● **Records**
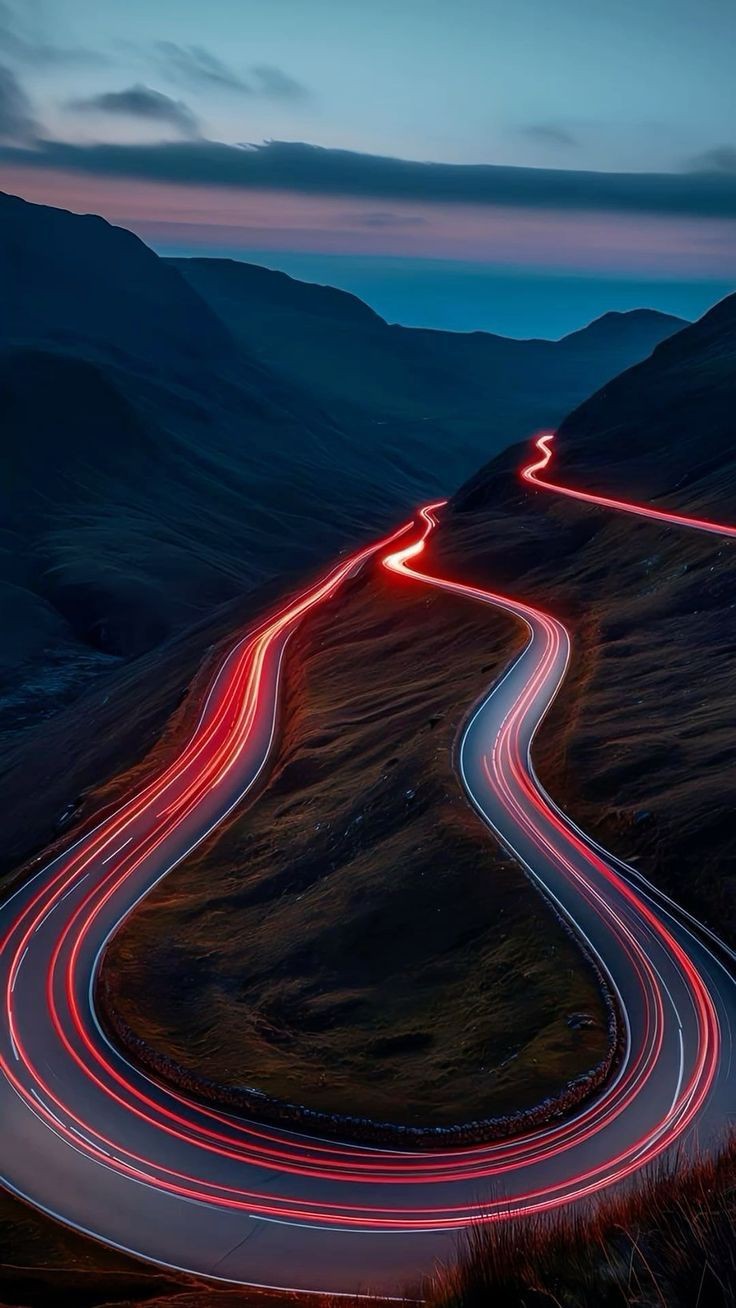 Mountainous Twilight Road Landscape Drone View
==
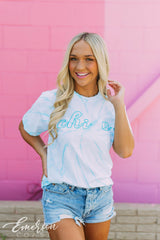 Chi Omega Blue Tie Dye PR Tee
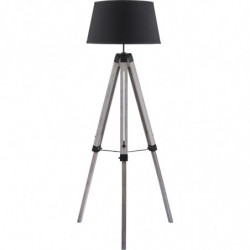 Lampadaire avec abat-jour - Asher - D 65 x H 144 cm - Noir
--
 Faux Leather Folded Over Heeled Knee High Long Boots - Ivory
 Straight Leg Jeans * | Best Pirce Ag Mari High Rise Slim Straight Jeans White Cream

● **Exercise aim**
From the records above, copy only the lines running from the line holding "Chi Omega Blue Tie Dye PR Tee" through the line holding "Lampadaire avec abat-jour", with no pictures.

● **Finished task**
 Chi Omega Blue Tie Dye PR Tee
 Lampadaire avec abat-jour - Asher - D 65 x H 144 cm - Noir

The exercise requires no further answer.